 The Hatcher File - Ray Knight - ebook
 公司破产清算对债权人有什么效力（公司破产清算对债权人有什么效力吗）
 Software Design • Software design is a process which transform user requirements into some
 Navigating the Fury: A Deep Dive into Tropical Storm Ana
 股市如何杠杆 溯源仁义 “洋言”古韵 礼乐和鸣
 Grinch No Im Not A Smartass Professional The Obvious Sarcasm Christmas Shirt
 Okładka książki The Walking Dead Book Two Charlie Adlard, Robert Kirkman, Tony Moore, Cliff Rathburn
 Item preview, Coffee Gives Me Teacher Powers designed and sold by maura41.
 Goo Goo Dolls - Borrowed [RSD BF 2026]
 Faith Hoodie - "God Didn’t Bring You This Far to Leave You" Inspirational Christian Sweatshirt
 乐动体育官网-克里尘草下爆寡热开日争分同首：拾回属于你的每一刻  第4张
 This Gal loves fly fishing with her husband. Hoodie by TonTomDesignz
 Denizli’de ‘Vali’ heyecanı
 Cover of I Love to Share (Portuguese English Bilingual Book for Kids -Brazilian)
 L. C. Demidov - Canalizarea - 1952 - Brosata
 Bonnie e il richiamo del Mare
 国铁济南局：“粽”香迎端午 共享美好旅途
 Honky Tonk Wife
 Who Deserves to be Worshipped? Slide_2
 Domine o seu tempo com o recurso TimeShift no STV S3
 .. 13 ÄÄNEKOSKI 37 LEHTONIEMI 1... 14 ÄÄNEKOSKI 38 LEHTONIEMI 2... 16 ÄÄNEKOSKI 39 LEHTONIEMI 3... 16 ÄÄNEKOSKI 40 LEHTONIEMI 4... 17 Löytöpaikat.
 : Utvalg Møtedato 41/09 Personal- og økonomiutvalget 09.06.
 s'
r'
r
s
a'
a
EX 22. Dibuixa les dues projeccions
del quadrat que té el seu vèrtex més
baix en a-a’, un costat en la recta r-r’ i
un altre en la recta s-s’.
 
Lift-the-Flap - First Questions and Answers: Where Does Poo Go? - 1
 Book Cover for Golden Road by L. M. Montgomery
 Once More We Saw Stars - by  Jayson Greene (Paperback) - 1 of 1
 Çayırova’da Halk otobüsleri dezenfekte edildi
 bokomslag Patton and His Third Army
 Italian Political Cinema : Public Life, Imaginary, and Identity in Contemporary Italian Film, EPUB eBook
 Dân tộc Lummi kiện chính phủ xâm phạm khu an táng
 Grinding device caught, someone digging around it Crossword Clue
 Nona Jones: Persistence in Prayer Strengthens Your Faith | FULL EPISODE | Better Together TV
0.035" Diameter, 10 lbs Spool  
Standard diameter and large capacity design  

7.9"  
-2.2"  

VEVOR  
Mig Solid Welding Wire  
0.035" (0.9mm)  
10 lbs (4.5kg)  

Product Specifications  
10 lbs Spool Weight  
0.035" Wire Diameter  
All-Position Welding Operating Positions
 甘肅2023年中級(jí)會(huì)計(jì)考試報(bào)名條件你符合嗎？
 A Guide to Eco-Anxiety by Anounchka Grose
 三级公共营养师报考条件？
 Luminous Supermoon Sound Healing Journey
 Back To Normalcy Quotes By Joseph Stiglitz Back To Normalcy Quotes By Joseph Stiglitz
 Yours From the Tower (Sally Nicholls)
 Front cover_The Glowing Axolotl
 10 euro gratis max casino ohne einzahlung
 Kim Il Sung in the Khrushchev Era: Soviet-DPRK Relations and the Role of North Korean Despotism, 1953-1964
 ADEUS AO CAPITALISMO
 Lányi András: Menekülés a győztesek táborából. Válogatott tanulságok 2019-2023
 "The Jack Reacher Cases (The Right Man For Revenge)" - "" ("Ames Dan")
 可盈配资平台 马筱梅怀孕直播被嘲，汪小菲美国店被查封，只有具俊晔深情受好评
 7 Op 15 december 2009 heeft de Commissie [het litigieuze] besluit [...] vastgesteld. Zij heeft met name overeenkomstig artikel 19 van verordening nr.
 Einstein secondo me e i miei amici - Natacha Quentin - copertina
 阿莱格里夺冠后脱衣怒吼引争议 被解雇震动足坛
■ ■ ■
What you have to do. Go over the entries above and tally the lines holding "Wire"; please answer with the number alone.

Solved problem. 2